### Work required
Each record needs to be retyped exactly, though its pictures should not appear.

### Stored dataset items
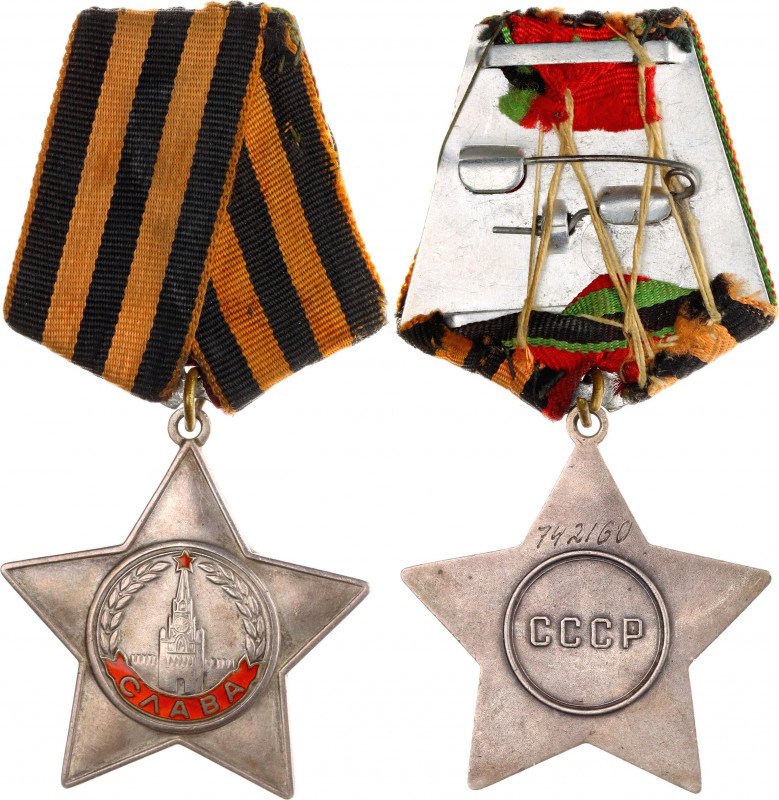 Russia - USSR Order of Glory III Class 1943 
Barac# 1030; Silver; Enamel; with ...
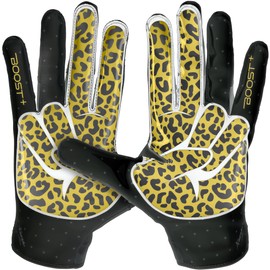 Grip Boost Football Gloves Peace Stealth 6.0 Boost Plus Technology Men's Receiver Gloves - Adult Sizes (Black/Gold, Small)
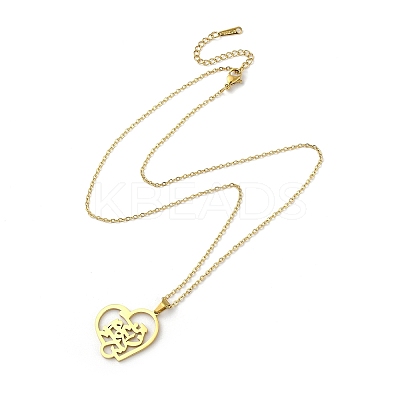 304 Stainless Steel Pendant Necklaces NJEW-D047-03G-1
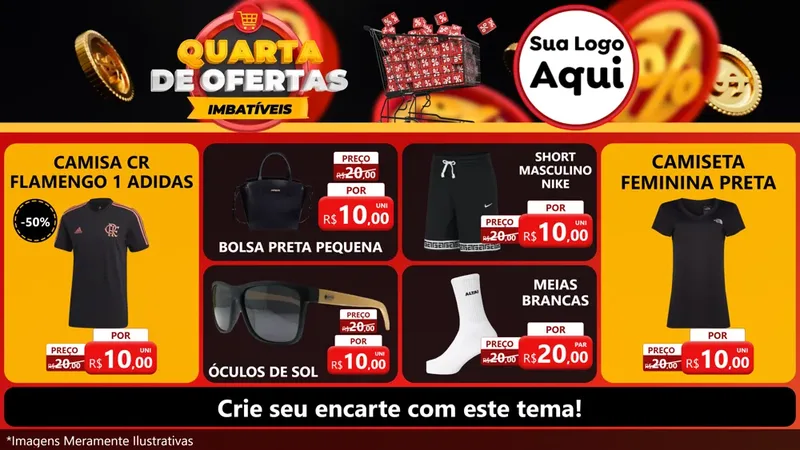 Modelo de TV para TV Horizontal com o tema Quarta de Ofertas Imbatíveis para Roupas e acessórios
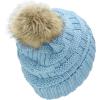 imageCC Knit Beanie Hat  Fuzzy Fleece Lined Warm Winter Hat for Women Soft Stretchy Slouchy Knit Cap Cold Weather BeanieSky Blue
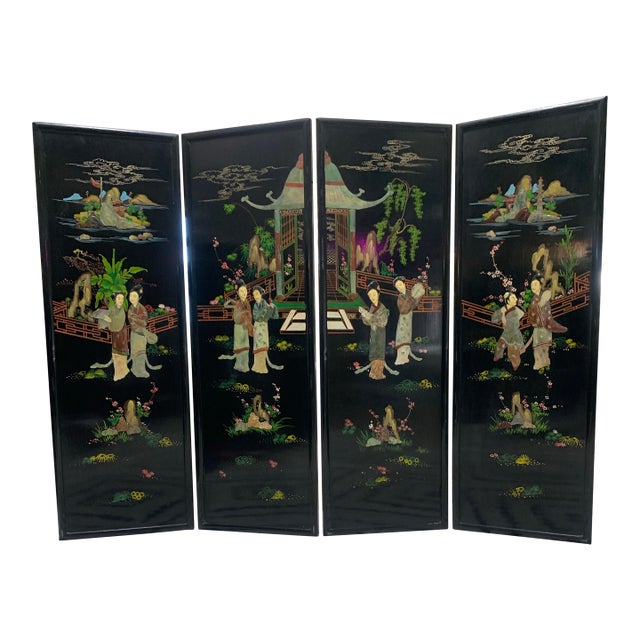 Vintage Hand-Painted Chinese Lacquer Wall Panel Set (4 Panels) For Sale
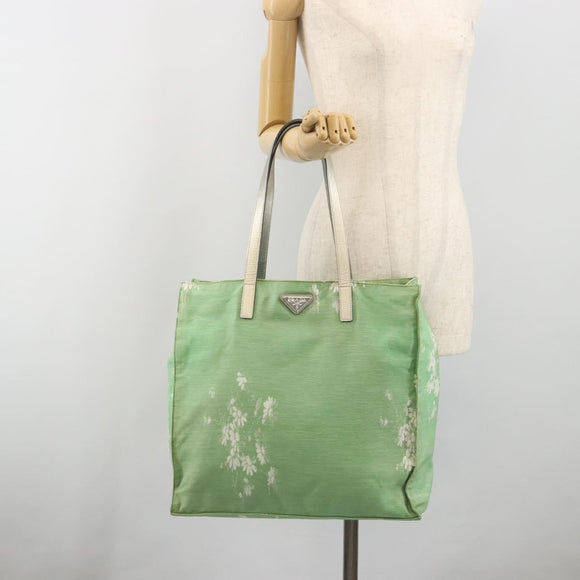 PRADA Tote Bag Canvas Green Silver Auth 196296A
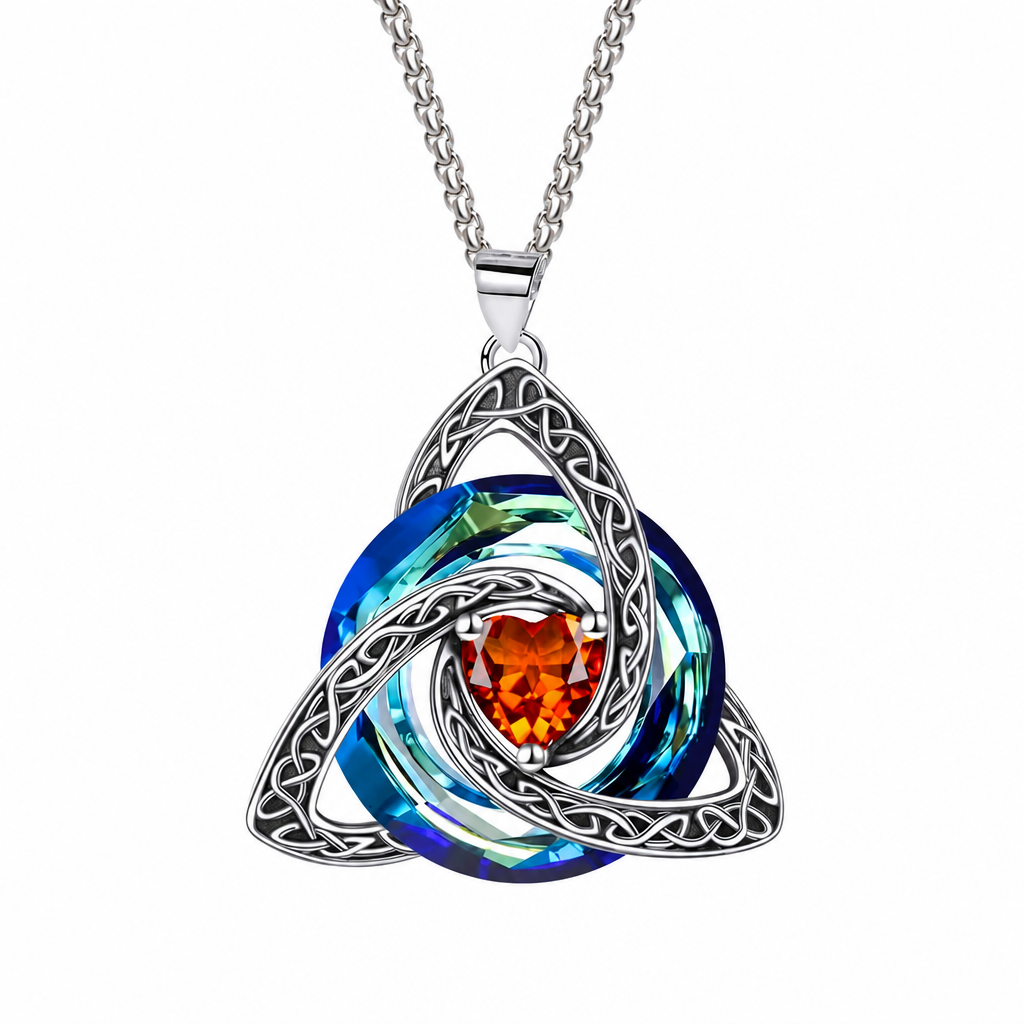 📿 50% dto. – ¡oferta limitada! Collar con colgante de nudo celta y piedra de nacimiento para mujer – diseño único y elegante. Regalo perfecto! ✨🌀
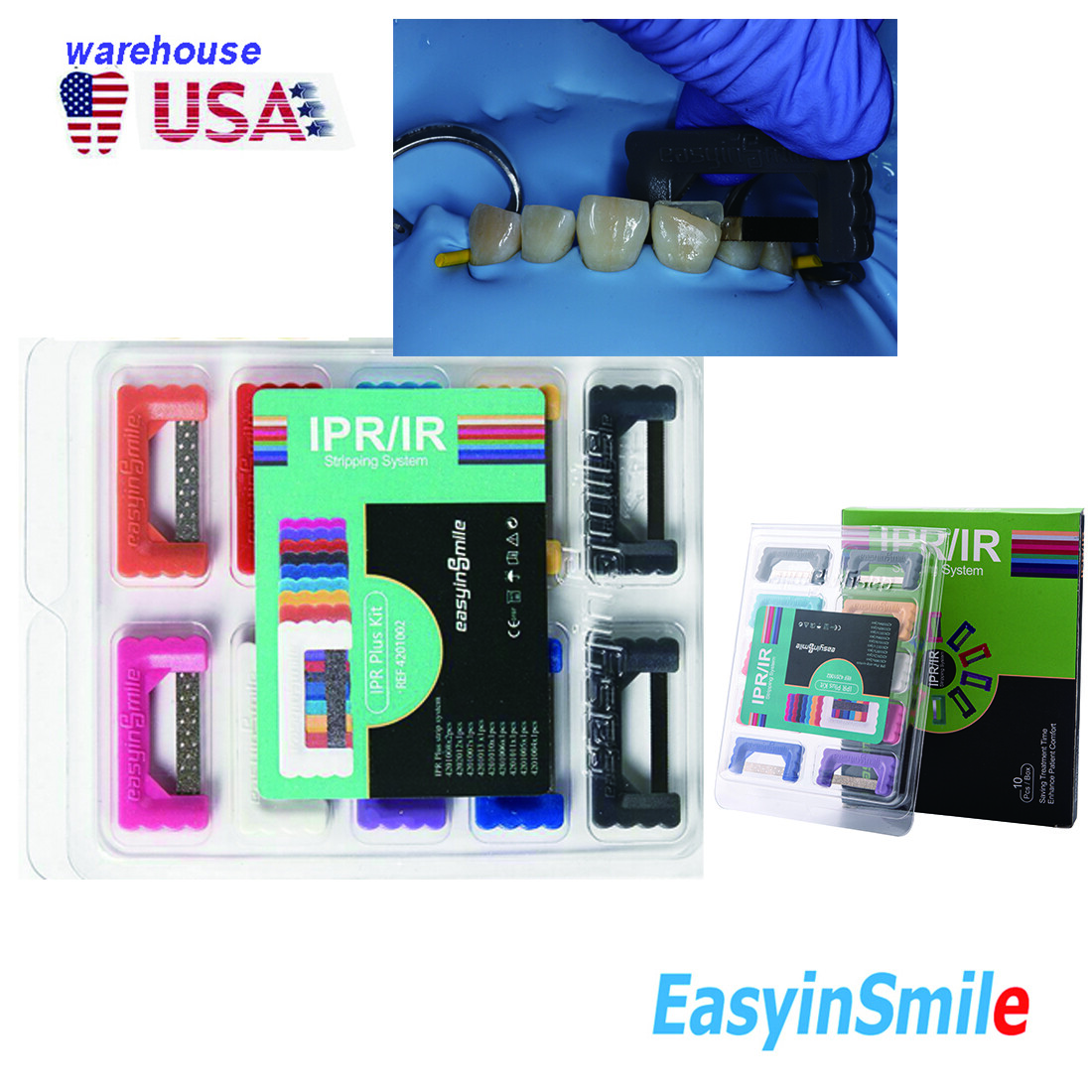 Dental Striping Orthodontic Interproximal Reduction IPR Contra Angle kit 10PCS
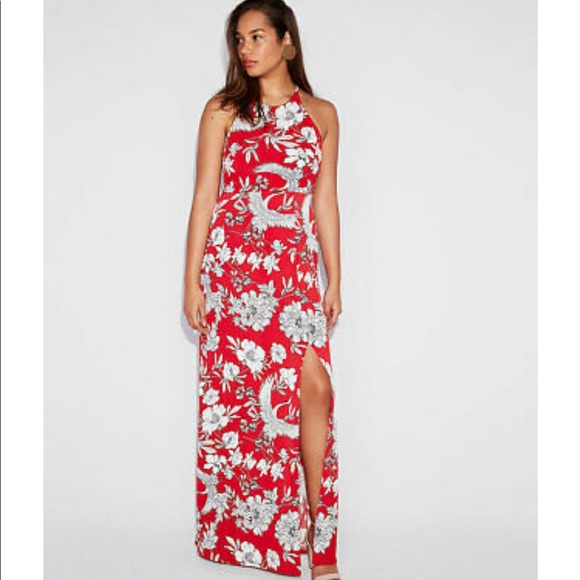 Express Red Printed Maxi Dress size xs - Picture 2 of 7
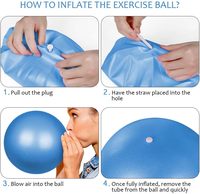 Ballon de Pilates mini épaissi de 25 cm, anti-éclatement, pour yoga, Pilates, équilibre et thérapie physique, pour femme et homme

### Completed task
 Russia - USSR Order of Glory III Class 1943 
Barac# 1030; Silver; Enamel; with ...
 Grip Boost Football Gloves Peace Stealth 6.0 Boost Plus Technology Men's Receiver Gloves - Adult Sizes (Black/Gold, Small)
 304 Stainless Steel Pendant Necklaces NJEW-D047-03G-1
 Modelo de TV para TV Horizontal com o tema Quarta de Ofertas Imbatíveis para Roupas e acessórios
 imageCC Knit Beanie Hat  Fuzzy Fleece Lined Warm Winter Hat for Women Soft Stretchy Slouchy Knit Cap Cold Weather BeanieSky Blue
 Vintage Hand-Painted Chinese Lacquer Wall Panel Set (4 Panels) For Sale
 PRADA Tote Bag Canvas Green Silver Auth 196296A
 📿 50% dto. – ¡oferta limitada! Collar con colgante de nudo celta y piedra de nacimiento para mujer – diseño único y elegante. Regalo perfecto! ✨🌀
 Dental Striping Orthodontic Interproximal Reduction IPR Contra Angle kit 10PCS
 Express Red Printed Maxi Dress size xs - Picture 2 of 7
 Ballon de Pilates mini épaissi de 25 cm, anti-éclatement, pour yoga, Pilates, équilibre et thérapie physique, pour femme et homme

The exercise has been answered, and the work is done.